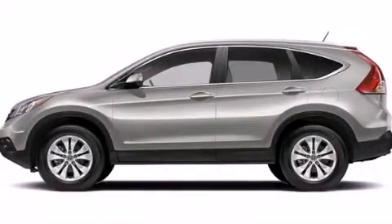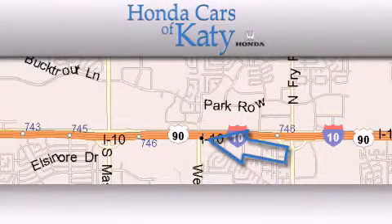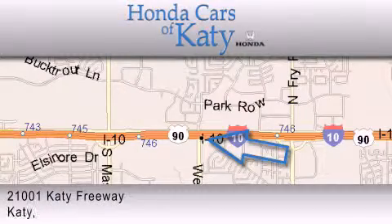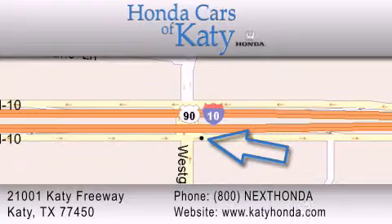Contact us today to arrange your test drive. Honda Cars of Katy is located at 2101 Katy Freeway in Katy. Our goal is to exceed all of your expectations to ensure that you'll return for future visits.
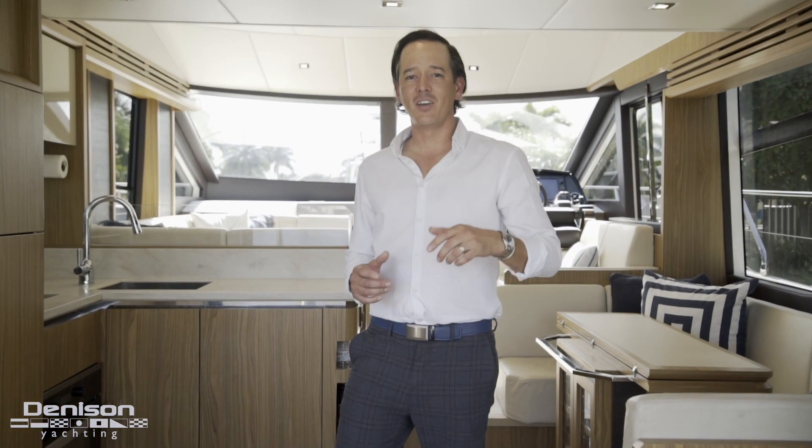I'm Will Knopfsinger with Denison Yachting and today we're in Fort Lauderdale, Florida aboard a 56 Absolute called Dare to Dream. Let's check her out.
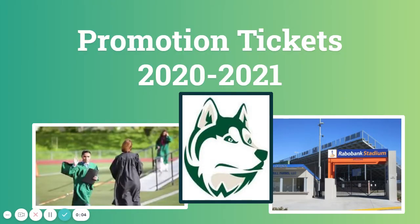Hello Hardin Middle School families. This is going to take you through how to purchase your tickets for our promotion ceremony next Wednesday.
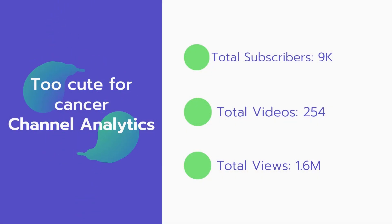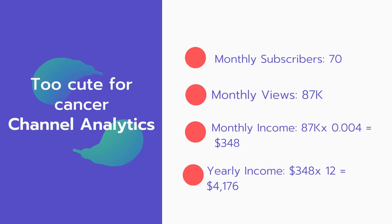Now let's go over the 2 Cute for Cancer channel analytics. Total subscribers: 9,000. Total videos: 254. Total views: 1.6 million. Monthly subscribers: 70 per month. Monthly views: 87,000.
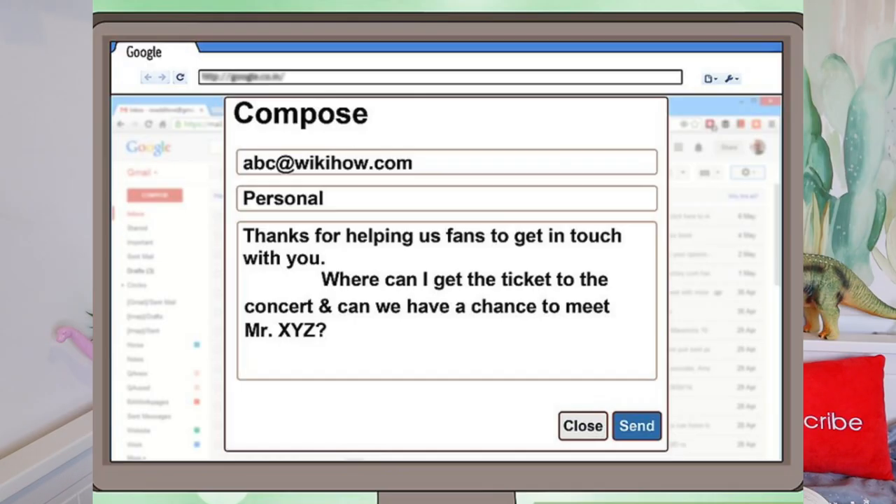You may wish to contact a celebrity for a number of reasons: a chance to meet the person, get something autographed, or for business reasons like discussing advertising opportunities. 'Harry, I would like to meet you so that I can meet you, get your autograph, and potentially discuss business opportunities — I feel like we could make something great. Call me.' The example letter says: 'Thanks for helping us fans get in touch with you. Where can I get a ticket to the concert, and can we have a chance to meet Mr. XYZ?' I feel like you don't need to contact the celebrity personally to find out concert ticket information — you could just Google it or check Ticketmaster. But who am I to talk?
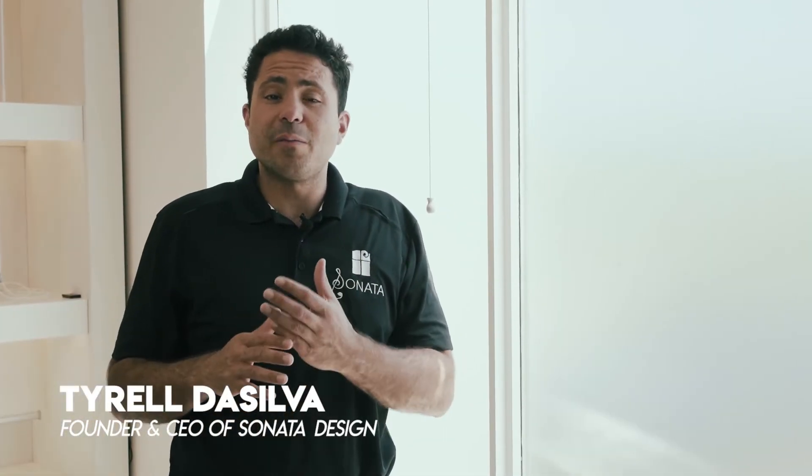When people think about window coverings, they often talk about shades or they talk about drapery. But a really important product that we use a lot to cover windows is films. There are three types: there's privacy films, there's decorative films, and there's functional films.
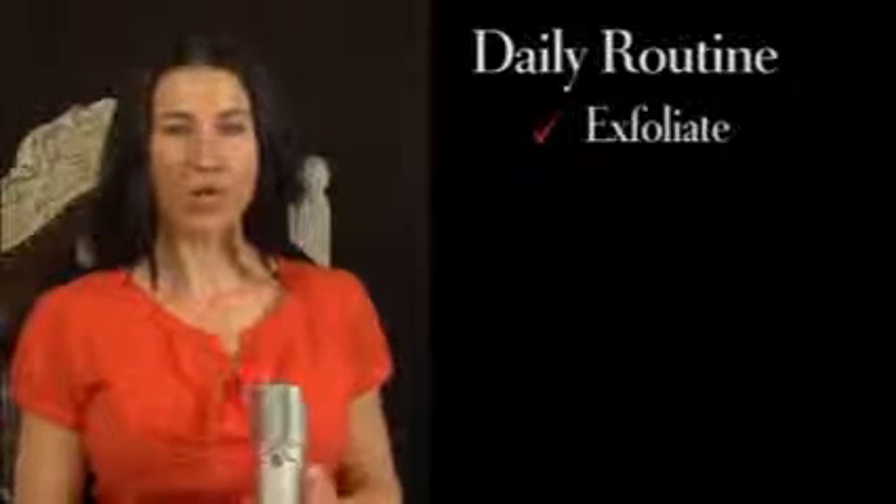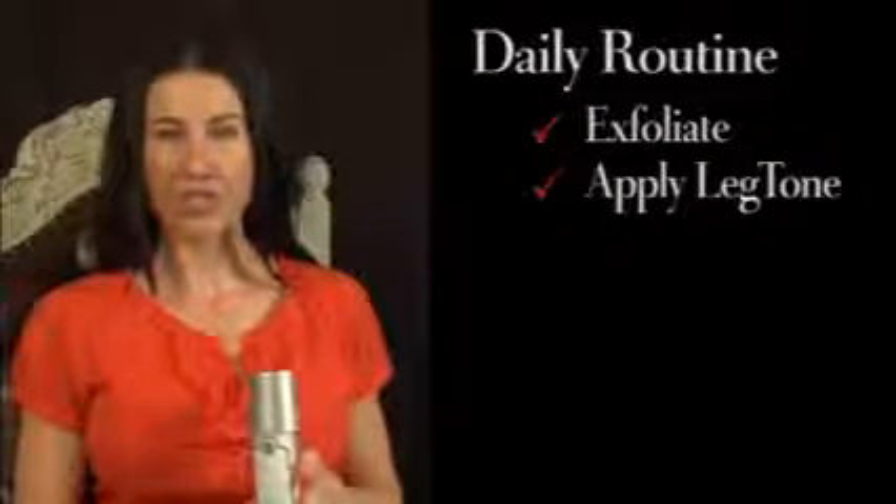Now that you've seen the results from the Adonia Leg Tone Treatment, for your daily routine make sure you exfoliate, jump out of the shower, and apply your Adonia Leg Tone Serum once, rubbing in a circular motion upwards. Then wait five minutes and reapply again.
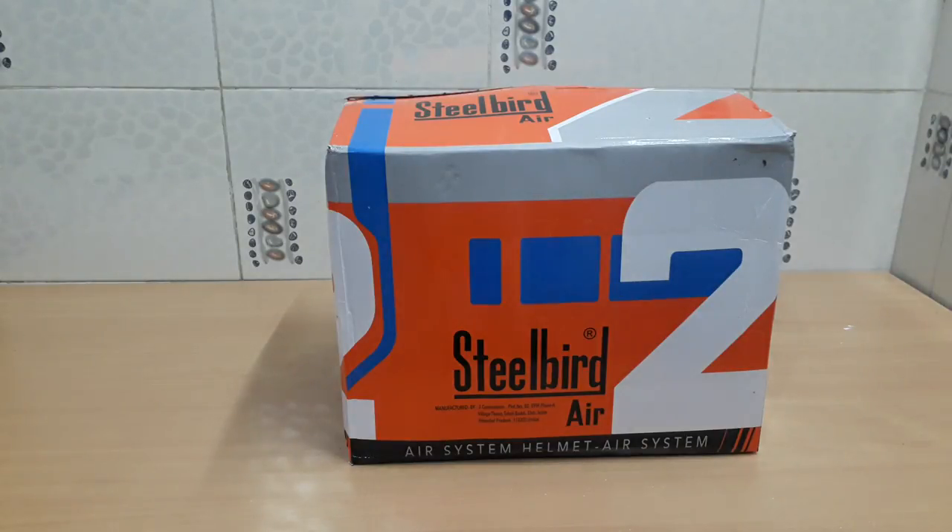Hello friends, this is my channel Gany Enough. I am going to do an unboxing for you of the Steelbird SBA2 helmet. You will see it in this video.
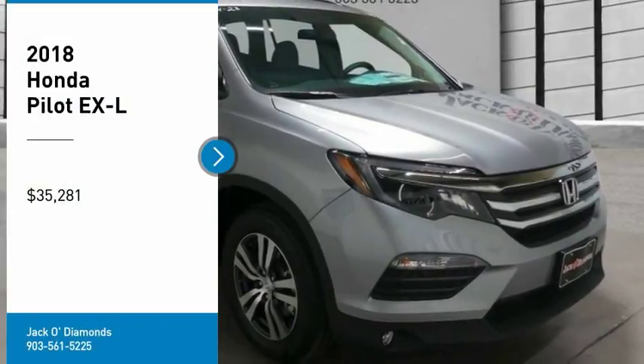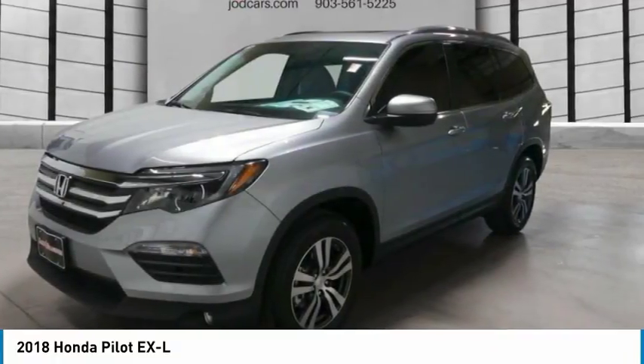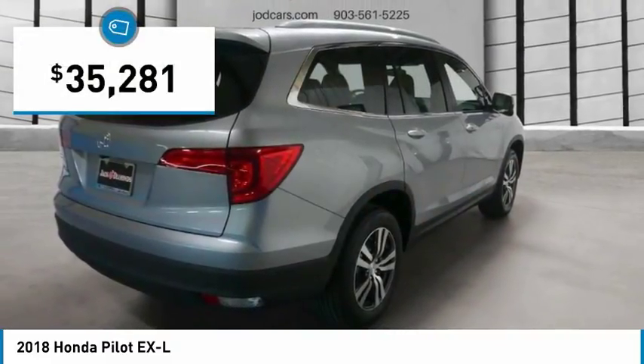You are going to love the 2018 Pilot — Optimal Utility, Indulgent Interior, Powerful Performer. You'll be ready for almost anything in the Honda Pilot, and it is priced below $40,000.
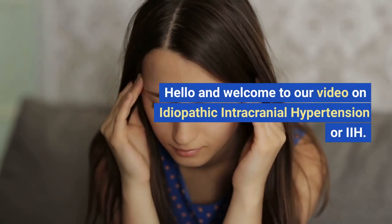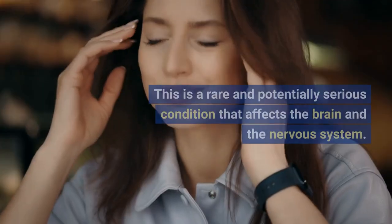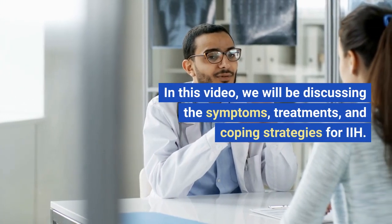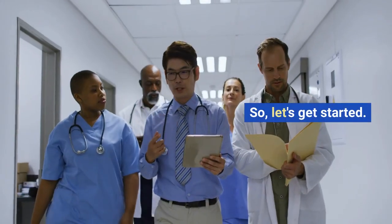Hello and welcome to our video on Idiopathic Intracranial Hypertension, or IIH. This is a rare and potentially serious condition that affects the brain and the nervous system. In this video, we will be discussing the symptoms, treatments, and coping strategies for IIH. So, let's get started.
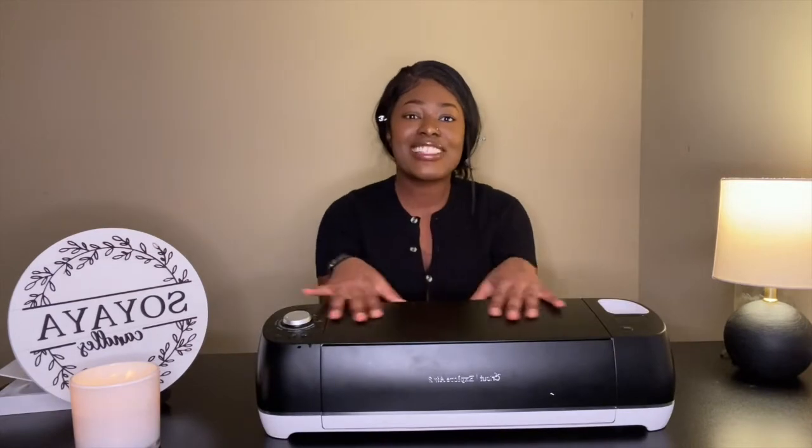This is what I use to take payments when I'm at pop-up shops, holiday markets, or events — it's the Square card reader. I got this from Target but you can get it anywhere or order online. It's super user friendly. You'll notice a lot of people prefer to use a card rather than cash, and it eliminates that headache of having exact change, so I definitely recommend investing in a Square for pop-up events.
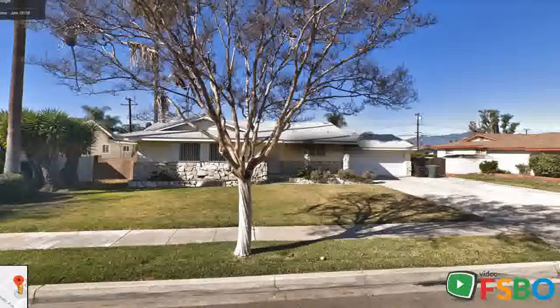Fully remodeled with new furnace, Nest control, vents, AC, drainage pipes, 200 amp electrical panel, roof, all doors, all windows, new shutters, and turf backyard.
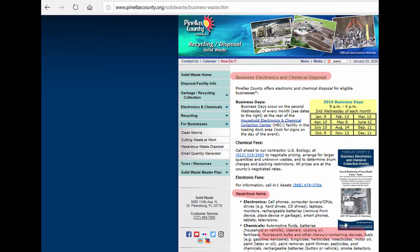Businesses, which may have lots and lots of bulbs that need to get dealt with, should check with their local waste management agency on how they want you to deal with them. But there are also mailing companies where you can work with them to get your bulbs recycled in an environmentally friendly way.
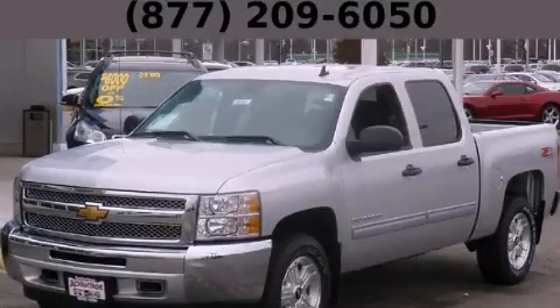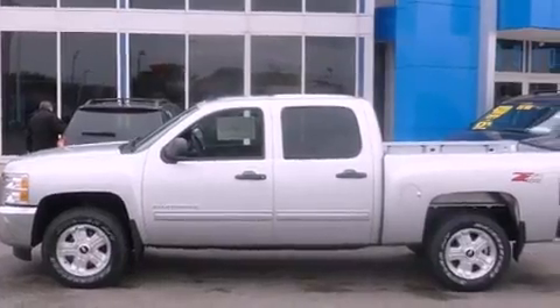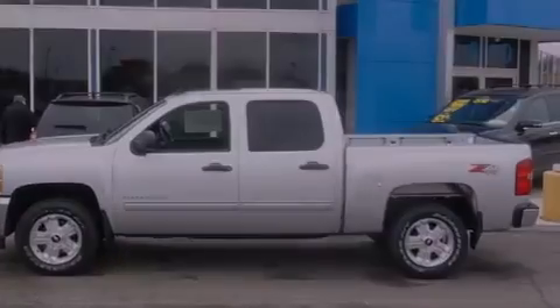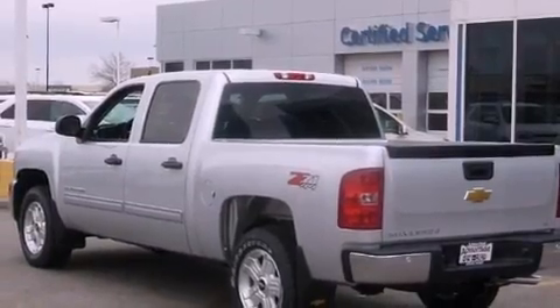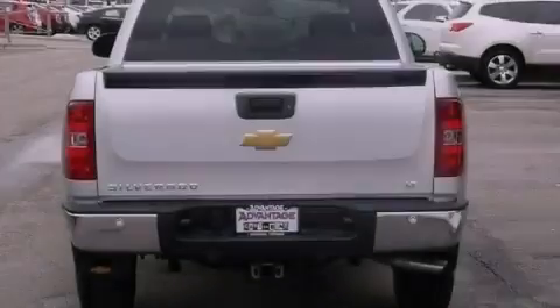This is a brand new 2013 Chevrolet Silverado 1500, made for the job site, the trail, and the town. It has a 4.8 liter 8-cylinder engine, an automatic transmission, and the added capability of 4-wheel drive.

#### [What is needed]
Repeat every entry above exactly; images stay out of the copy.

#### [Exercise result]
Contact us today to arrange your test drive. Honda Cars of Katy is located at 2101 Katy Freeway in Katy. Our goal is to exceed all of your expectations to ensure that you'll return for future visits.
I'm Will Knopfsinger with Denison Yachting and today we're in Fort Lauderdale, Florida aboard a 56 Absolute called Dare to Dream. Let's check her out.
Hello Hardin Middle School families. This is going to take you through how to purchase your tickets for our promotion ceremony next Wednesday.
Now let's go over the 2 Cute for Cancer channel analytics. Total subscribers: 9,000. Total videos: 254. Total views: 1.6 million. Monthly subscribers: 70 per month. Monthly views: 87,000.
You may wish to contact a celebrity for a number of reasons: a chance to meet the person, get something autographed, or for business reasons like discussing advertising opportunities. 'Harry, I would like to meet you so that I can meet you, get your autograph, and potentially discuss business opportunities — I feel like we could make something great. Call me.' The example letter says: 'Thanks for helping us fans get in touch with you. Where can I get a ticket to the concert, and can we have a chance to meet Mr. XYZ?' I feel like you don't need to contact the celebrity personally to find out concert ticket information — you could just Google it or check Ticketmaster. But who am I to talk?
When people think about window coverings, they often talk about shades or they talk about drapery. But a really important product that we use a lot to cover windows is films. There are three types: there's privacy films, there's decorative films, and there's functional films.
Now that you've seen the results from the Adonia Leg Tone Treatment, for your daily routine make sure you exfoliate, jump out of the shower, and apply your Adonia Leg Tone Serum once, rubbing in a circular motion upwards. Then wait five minutes and reapply again.
Hello friends, this is my channel Gany Enough. I am going to do an unboxing for you of the Steelbird SBA2 helmet. You will see it in this video.
You are going to love the 2018 Pilot — Optimal Utility, Indulgent Interior, Powerful Performer. You'll be ready for almost anything in the Honda Pilot, and it is priced below $40,000.
Hello and welcome to our video on Idiopathic Intracranial Hypertension, or IIH. This is a rare and potentially serious condition that affects the brain and the nervous system. In this video, we will be discussing the symptoms, treatments, and coping strategies for IIH. So, let's get started.
This is what I use to take payments when I'm at pop-up shops, holiday markets, or events — it's the Square card reader. I got this from Target but you can get it anywhere or order online. It's super user friendly. You'll notice a lot of people prefer to use a card rather than cash, and it eliminates that headache of having exact change, so I definitely recommend investing in a Square for pop-up events.
Fully remodeled with new furnace, Nest control, vents, AC, drainage pipes, 200 amp electrical panel, roof, all doors, all windows, new shutters, and turf backyard.
Businesses, which may have lots and lots of bulbs that need to get dealt with, should check with their local waste management agency on how they want you to deal with them. But there are also mailing companies where you can work with them to get your bulbs recycled in an environmentally friendly way.
This is a brand new 2013 Chevrolet Silverado 1500, made for the job site, the trail, and the town. It has a 4.8 liter 8-cylinder engine, an automatic transmission, and the added capability of 4-wheel drive.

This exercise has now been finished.